### What is expected
Below are some entries. Return exactly the lines from the one with "May include: A" through the final line, leaving out any pictures.

(Collected data entries)

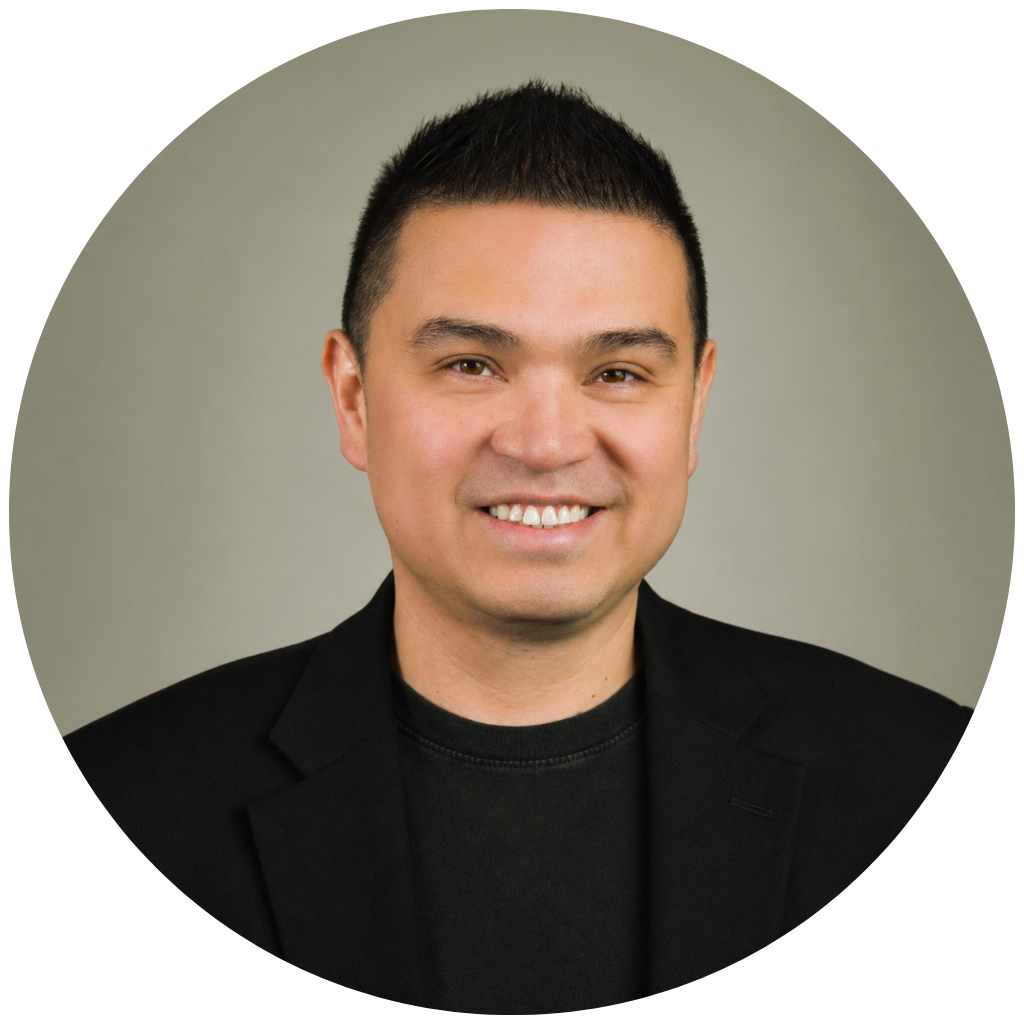 Professional headshot of Dr. Joni Gutierrez smiling at the camera, wearing a black blazer over a black shirt against a neutral gray background.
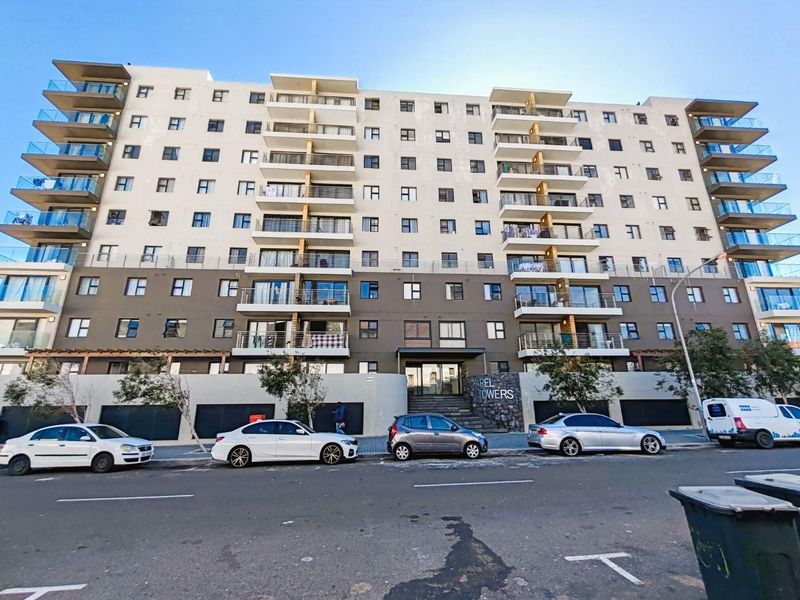 Street-level view of Chapel Towers apartment complex, featuring a modern multi-story facade with private balconies and secure ground-level parking access.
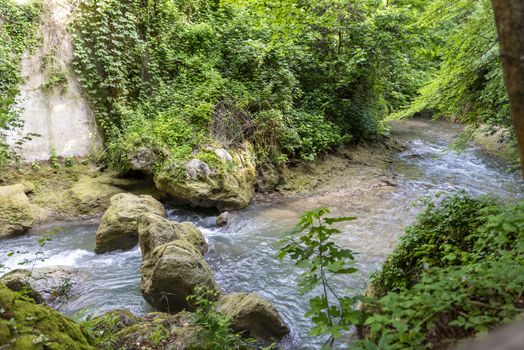 black river that comes from the marmore waterfalls in the middle of nature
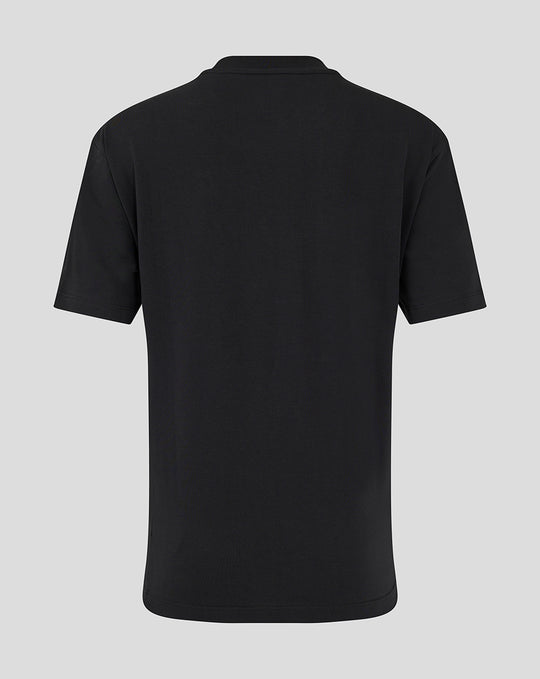 Achterkant van een zwarte FC Twente Travel T-shirt voor vrouwen met oversized pasvorm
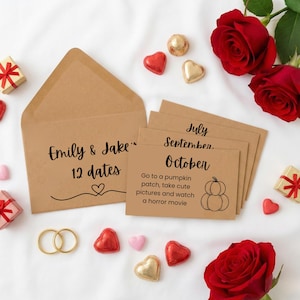 May include: A kraft paper envelope and date cards with the text "Emily & Jake" and "12 dates". The October card suggests a pumpkin patch and a horror movie. Red roses, heart-shaped candies, and small gifts are scattered around.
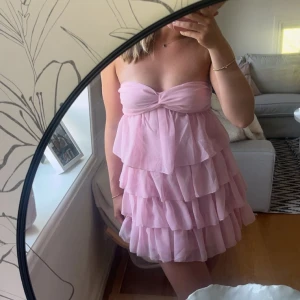 Rosa volangklänning axelbandslös - Supersöt rosa kortklänning med flera lager volanger och axelbandslös design. Klänningen är endast använd 2 ggr.🩷Inga defekter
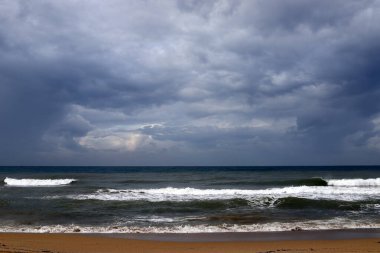 Rain clouds in the sky over the Mediterranean Sea. 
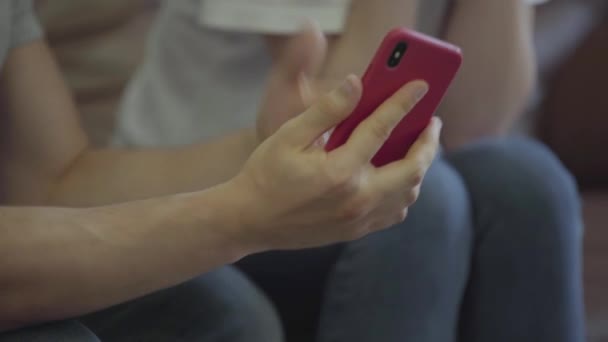 Homem irado não reconhecido gritando com sua namorada mostrando seu celular com mensagens de seu amante em casa. Problemas na relação entre homem e mulher. Traição, desconfiança, conceito de separação — Vídeo de Stock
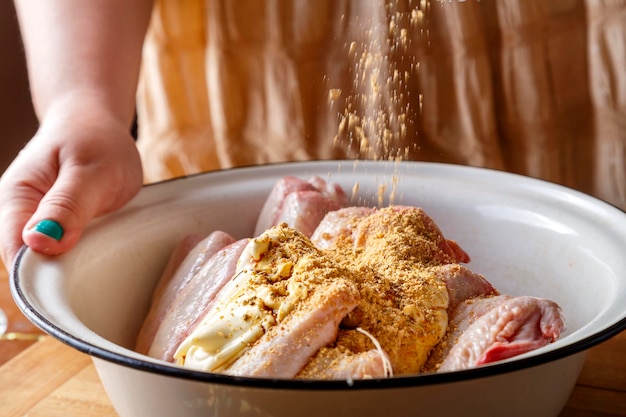 A dish with fresh raw wings on a wooden table spices pour into it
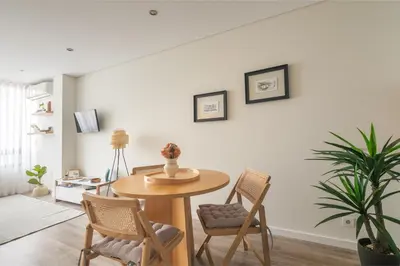 a dining room with a table and chairs at Cedofeita Bliss - 1BDR with AC in Porto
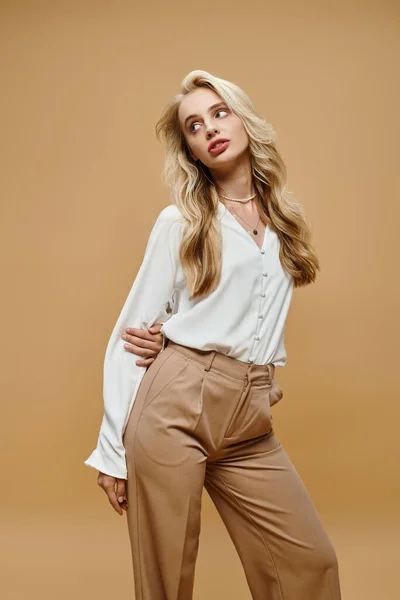 Sensual blonde woman in old money style attire looking away on beige backdrop, classic fashion shoot — Stock Photo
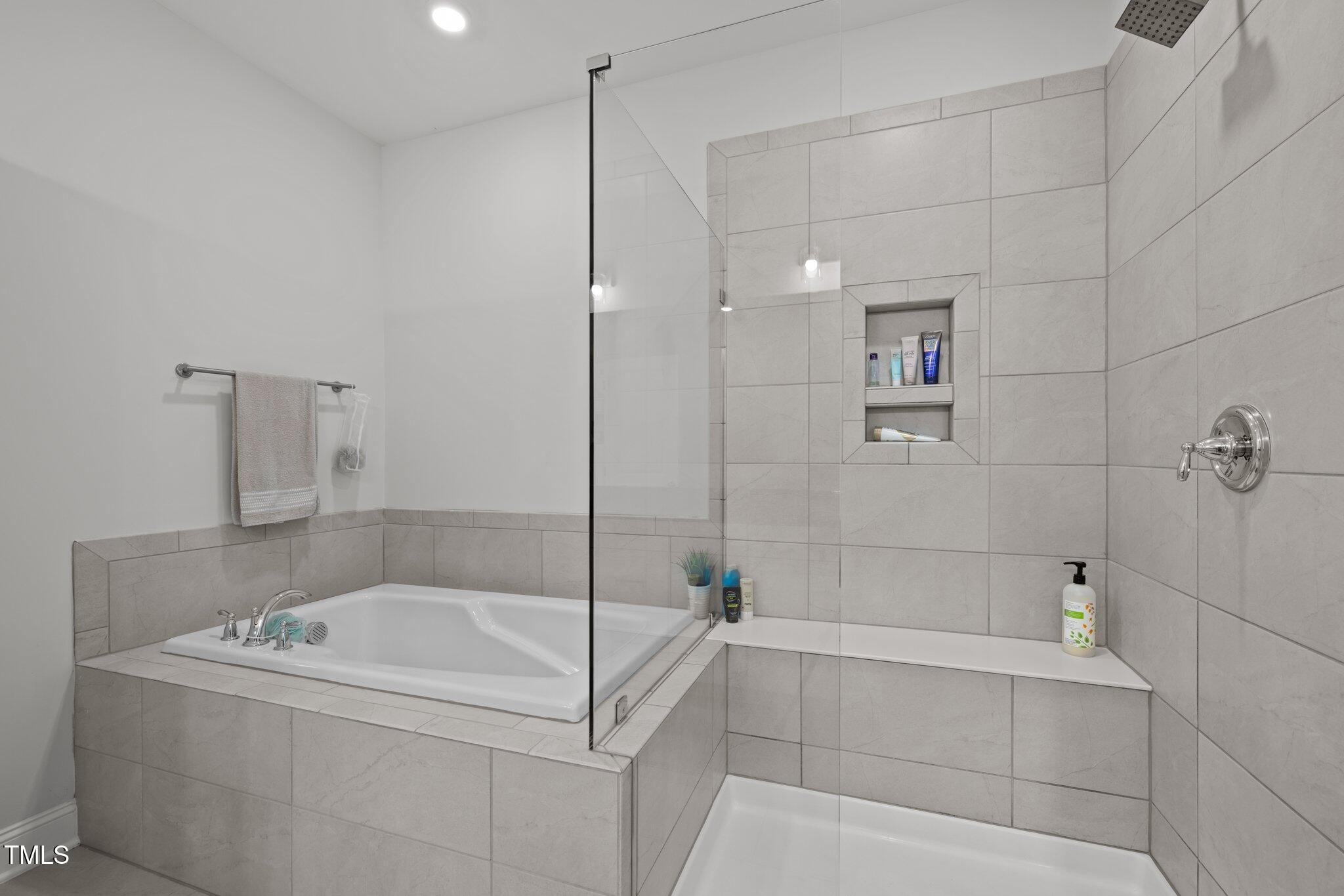 98 Stone Bridge Crossing Chapel Hill, NC 27517 - Photo 16 of 37 a bathroom with a tub a window and a shower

### Output of the exercise
 May include: A kraft paper envelope and date cards with the text "Emily & Jake" and "12 dates". The October card suggests a pumpkin patch and a horror movie. Red roses, heart-shaped candies, and small gifts are scattered around.
 Rosa volangklänning axelbandslös - Supersöt rosa kortklänning med flera lager volanger och axelbandslös design. Klänningen är endast använd 2 ggr.🩷Inga defekter
 Rain clouds in the sky over the Mediterranean Sea. 
 Homem irado não reconhecido gritando com sua namorada mostrando seu celular com mensagens de seu amante em casa. Problemas na relação entre homem e mulher. Traição, desconfiança, conceito de separação — Vídeo de Stock
 A dish with fresh raw wings on a wooden table spices pour into it
 a dining room with a table and chairs at Cedofeita Bliss - 1BDR with AC in Porto
 Sensual blonde woman in old money style attire looking away on beige backdrop, classic fashion shoot — Stock Photo
 98 Stone Bridge Crossing Chapel Hill, NC 27517 - Photo 16 of 37 a bathroom with a tub a window and a shower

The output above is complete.